A study dealing with chromosomal changes in tubular abnormalities in clear RCC has been published recently. Premalignant lesions and tumor tissues in this study had the same genotypic changes (LOH or microsatellite instability) in more than 85% [16].

Chromosomal changes of PA and PRCC are characterized mainly by trisomy of chromosomes 7 and 17 and loss of chromosome Y [12, 13, 17]. However, trisomy of chromosome 7 was found in majority of RCC, the combination of trisomy of chromosomes 7 and 17 and loss of Y chromosome is rather specific for papillary neoplasms [14]. We tried to identify these chromosomal changes in hyperplastic and dysplastic renal tubules. Interestingly, trisomy of chromosome 7 was detected in six, trisomy of chromosome 17 in eight cases. A combination of both trisomies was found in five cases. Loss of chromosome Y was found only in two cases.

Trisomy of chromosome 7 has been studied in non-neoplastic tissue of normal, non-atrophic kidney surrounding RCC. Cells with trisomy of chromosome 7 were mainly epithelial tubular cells [3, 11] or a combination of lymphocytes infiltrating tumor tissue and tubular cells [2]. Our study was concerned of ESKD, and all positive tubules for trisomies of chromosomes 7 and 17 were abnormal. As was mentioned above, positive tubules harbored hyperplastic or dysplastic changes. No abnormalities were noted in atrophic or undiferentiated tubules without hyperplastic or dysplastic features. However, some non-neoplastic cells showed trisomy of chromosome 7 or 17; the number of trisomies was under the cutoff level.

Brunelli et al. showed that both PA and PRCC share similar chromosomal changes, i.e., gains of chromosomes 7, 17, 16, 12, and 20 and loss of Y chromosome [1]. Loss of the Y chromosome was observed in nine of ten PA from males. It was concluded that gains of chromosomes 7, 17, 16, 12, and 20 and loss of Y chromosome occur early in the neoplastic evolution of papillary renal cell neoplasia. On the contrary, we have found only two of nine male cases with loss of Y chromosome. However, the loss of chromosome Y was found in all analyzed cases of PA and PRCC. Loss of chromosome Y was interestingly seen in one case of well-differentiated liposarcoma. Loss of chromosome X was seen in two cases of clear RCC (one female patient and one male patient).
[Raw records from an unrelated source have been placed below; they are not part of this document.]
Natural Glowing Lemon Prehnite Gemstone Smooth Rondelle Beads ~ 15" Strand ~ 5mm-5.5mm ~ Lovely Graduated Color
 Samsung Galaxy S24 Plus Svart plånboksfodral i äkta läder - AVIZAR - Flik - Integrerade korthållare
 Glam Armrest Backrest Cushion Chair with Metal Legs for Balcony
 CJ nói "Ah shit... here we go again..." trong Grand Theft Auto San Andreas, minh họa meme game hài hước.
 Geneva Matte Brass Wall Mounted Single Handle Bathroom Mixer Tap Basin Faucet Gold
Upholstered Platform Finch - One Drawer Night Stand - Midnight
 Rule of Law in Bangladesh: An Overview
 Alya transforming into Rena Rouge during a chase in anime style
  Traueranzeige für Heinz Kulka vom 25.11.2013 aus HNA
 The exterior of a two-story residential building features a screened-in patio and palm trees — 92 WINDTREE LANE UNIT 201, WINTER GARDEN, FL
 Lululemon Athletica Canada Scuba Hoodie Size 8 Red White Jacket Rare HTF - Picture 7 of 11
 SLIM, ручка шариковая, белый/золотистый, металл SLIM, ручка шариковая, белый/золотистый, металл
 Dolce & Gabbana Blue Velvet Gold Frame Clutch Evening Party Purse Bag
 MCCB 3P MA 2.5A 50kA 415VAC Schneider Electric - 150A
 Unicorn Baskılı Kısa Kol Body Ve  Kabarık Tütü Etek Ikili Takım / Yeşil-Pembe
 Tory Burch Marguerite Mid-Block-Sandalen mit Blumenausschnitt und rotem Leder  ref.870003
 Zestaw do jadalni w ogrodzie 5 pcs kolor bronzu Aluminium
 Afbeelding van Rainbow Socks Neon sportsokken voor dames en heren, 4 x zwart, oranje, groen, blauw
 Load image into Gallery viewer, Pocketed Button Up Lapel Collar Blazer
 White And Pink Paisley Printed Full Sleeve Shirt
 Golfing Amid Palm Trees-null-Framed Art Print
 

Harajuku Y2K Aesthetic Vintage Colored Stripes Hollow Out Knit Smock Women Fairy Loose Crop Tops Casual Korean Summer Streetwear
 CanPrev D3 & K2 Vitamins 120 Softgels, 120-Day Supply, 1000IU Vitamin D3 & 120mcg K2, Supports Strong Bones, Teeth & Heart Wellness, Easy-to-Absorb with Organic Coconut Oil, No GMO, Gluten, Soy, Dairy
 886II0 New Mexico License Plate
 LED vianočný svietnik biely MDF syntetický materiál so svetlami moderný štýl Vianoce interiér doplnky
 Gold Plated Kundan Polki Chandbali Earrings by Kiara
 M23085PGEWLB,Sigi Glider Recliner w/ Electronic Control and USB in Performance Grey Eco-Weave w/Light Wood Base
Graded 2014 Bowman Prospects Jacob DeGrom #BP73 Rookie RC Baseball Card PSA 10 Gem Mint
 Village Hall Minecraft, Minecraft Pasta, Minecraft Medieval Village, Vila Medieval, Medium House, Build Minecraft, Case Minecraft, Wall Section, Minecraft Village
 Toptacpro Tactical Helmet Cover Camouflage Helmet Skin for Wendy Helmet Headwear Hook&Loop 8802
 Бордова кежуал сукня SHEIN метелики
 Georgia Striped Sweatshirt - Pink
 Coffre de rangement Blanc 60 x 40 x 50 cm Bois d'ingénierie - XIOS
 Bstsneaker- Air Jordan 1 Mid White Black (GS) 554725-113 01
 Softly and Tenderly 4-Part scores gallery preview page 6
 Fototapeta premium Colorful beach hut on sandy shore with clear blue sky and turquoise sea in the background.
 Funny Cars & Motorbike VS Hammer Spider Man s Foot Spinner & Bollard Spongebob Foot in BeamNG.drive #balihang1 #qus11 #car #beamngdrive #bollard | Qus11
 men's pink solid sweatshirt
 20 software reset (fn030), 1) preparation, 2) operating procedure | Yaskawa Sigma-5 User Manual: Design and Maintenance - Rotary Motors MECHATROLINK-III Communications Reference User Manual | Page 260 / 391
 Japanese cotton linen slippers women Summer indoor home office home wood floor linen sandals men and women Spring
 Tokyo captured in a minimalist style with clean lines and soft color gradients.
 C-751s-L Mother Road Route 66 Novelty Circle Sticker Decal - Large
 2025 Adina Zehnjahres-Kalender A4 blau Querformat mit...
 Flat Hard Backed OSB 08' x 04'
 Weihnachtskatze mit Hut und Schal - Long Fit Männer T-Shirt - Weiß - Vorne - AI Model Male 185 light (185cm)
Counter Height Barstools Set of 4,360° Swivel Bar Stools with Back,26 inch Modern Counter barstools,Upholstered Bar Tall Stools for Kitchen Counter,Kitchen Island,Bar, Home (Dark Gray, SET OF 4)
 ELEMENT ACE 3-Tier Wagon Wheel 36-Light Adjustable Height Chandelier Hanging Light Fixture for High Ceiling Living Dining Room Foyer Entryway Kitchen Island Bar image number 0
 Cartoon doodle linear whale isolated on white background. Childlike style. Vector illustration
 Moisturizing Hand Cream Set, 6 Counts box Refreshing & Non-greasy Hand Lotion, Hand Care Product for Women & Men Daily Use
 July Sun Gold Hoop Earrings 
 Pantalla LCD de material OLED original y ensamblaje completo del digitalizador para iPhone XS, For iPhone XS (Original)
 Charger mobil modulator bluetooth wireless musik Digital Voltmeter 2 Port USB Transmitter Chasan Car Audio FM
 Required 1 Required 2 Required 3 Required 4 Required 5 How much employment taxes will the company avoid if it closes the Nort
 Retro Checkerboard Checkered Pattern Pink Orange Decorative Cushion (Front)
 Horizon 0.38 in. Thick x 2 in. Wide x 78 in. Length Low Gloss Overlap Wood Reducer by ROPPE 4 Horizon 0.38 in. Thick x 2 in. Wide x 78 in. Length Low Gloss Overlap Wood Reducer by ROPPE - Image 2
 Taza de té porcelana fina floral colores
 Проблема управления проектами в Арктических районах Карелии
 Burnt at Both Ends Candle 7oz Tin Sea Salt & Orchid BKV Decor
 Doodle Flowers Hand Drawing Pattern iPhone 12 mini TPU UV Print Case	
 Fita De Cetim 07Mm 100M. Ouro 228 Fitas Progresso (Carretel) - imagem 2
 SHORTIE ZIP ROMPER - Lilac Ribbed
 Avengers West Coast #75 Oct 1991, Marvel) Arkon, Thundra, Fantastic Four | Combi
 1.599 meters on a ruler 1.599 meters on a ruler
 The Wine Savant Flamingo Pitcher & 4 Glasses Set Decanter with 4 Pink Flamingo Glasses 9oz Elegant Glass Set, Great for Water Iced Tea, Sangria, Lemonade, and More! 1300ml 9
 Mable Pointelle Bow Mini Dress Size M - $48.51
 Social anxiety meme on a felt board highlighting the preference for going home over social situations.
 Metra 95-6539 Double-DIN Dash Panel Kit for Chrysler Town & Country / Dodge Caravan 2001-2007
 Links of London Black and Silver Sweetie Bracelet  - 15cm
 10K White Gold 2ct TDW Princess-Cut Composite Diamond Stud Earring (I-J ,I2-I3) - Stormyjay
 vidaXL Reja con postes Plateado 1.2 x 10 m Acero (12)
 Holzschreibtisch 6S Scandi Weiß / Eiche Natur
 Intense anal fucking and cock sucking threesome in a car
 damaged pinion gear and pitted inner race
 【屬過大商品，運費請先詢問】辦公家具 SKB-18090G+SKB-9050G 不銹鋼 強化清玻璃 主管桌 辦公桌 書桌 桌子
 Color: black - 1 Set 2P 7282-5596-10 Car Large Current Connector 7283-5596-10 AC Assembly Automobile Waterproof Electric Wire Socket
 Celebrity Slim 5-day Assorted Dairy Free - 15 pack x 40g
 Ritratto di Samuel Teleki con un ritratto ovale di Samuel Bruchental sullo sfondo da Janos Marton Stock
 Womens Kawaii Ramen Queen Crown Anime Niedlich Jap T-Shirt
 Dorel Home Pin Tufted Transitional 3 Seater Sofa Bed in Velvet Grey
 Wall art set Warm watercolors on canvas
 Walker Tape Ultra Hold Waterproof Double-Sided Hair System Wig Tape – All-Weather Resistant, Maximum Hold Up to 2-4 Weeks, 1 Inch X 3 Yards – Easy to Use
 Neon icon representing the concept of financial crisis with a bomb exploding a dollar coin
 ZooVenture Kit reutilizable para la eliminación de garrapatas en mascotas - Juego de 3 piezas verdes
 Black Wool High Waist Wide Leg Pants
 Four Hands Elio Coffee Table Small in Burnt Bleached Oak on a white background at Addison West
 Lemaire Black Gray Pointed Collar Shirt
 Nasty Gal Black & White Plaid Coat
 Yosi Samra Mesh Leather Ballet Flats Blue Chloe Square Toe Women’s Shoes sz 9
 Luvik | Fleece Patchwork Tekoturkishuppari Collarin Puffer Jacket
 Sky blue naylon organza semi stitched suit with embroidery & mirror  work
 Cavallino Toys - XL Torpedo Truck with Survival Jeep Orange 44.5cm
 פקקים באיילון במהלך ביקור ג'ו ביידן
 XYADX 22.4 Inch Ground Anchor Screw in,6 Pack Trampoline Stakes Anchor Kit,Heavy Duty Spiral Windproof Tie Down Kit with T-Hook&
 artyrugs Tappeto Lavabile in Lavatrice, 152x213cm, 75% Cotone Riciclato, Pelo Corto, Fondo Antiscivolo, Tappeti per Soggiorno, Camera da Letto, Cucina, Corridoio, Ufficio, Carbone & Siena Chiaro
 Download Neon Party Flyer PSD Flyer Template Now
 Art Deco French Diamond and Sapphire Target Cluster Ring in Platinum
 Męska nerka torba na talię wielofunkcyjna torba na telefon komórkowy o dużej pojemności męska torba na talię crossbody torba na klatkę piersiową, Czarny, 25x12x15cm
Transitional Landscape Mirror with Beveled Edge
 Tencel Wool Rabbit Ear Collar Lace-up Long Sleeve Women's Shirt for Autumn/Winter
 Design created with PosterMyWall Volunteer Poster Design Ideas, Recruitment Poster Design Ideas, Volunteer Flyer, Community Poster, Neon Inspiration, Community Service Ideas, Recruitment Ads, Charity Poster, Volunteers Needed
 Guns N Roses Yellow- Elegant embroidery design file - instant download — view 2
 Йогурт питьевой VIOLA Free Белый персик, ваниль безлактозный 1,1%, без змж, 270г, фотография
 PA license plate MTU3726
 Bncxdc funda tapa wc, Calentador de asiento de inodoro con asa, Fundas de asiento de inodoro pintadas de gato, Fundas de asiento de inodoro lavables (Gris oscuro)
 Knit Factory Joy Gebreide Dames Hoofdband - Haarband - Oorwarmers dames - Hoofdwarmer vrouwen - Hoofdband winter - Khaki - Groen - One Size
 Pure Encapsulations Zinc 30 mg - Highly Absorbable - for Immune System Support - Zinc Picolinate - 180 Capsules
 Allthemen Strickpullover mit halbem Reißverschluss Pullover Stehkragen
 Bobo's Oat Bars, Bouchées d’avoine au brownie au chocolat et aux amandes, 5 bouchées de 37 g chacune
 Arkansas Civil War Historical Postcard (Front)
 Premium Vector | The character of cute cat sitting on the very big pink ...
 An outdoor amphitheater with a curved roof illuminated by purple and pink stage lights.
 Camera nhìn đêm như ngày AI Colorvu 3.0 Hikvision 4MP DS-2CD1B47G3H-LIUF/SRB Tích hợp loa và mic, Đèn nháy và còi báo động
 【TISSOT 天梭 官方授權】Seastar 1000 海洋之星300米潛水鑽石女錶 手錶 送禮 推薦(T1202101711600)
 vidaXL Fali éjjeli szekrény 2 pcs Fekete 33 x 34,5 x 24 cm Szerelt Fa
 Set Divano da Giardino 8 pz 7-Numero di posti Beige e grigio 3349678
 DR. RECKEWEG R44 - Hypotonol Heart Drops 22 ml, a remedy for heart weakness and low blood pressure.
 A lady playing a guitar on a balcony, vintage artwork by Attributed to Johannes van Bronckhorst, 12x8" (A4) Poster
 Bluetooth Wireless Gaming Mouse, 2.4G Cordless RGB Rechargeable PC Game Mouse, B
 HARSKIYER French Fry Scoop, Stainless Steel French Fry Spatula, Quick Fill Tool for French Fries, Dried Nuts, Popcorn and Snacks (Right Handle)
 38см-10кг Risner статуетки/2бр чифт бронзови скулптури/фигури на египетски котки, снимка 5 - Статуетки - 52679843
An interesting fact is that trisomies of chromosomes 7 and 17 were noted in the kidneys with different tumors (besides papillary adenomas and papillary RCC). Our findings point to the fact that chromosomal changes typical of the papillary renal cell lesions are very frequent in non-neoplastic-looking parenchyma of the end-stage kidney and that they have a tendency to a multifocal occurrence.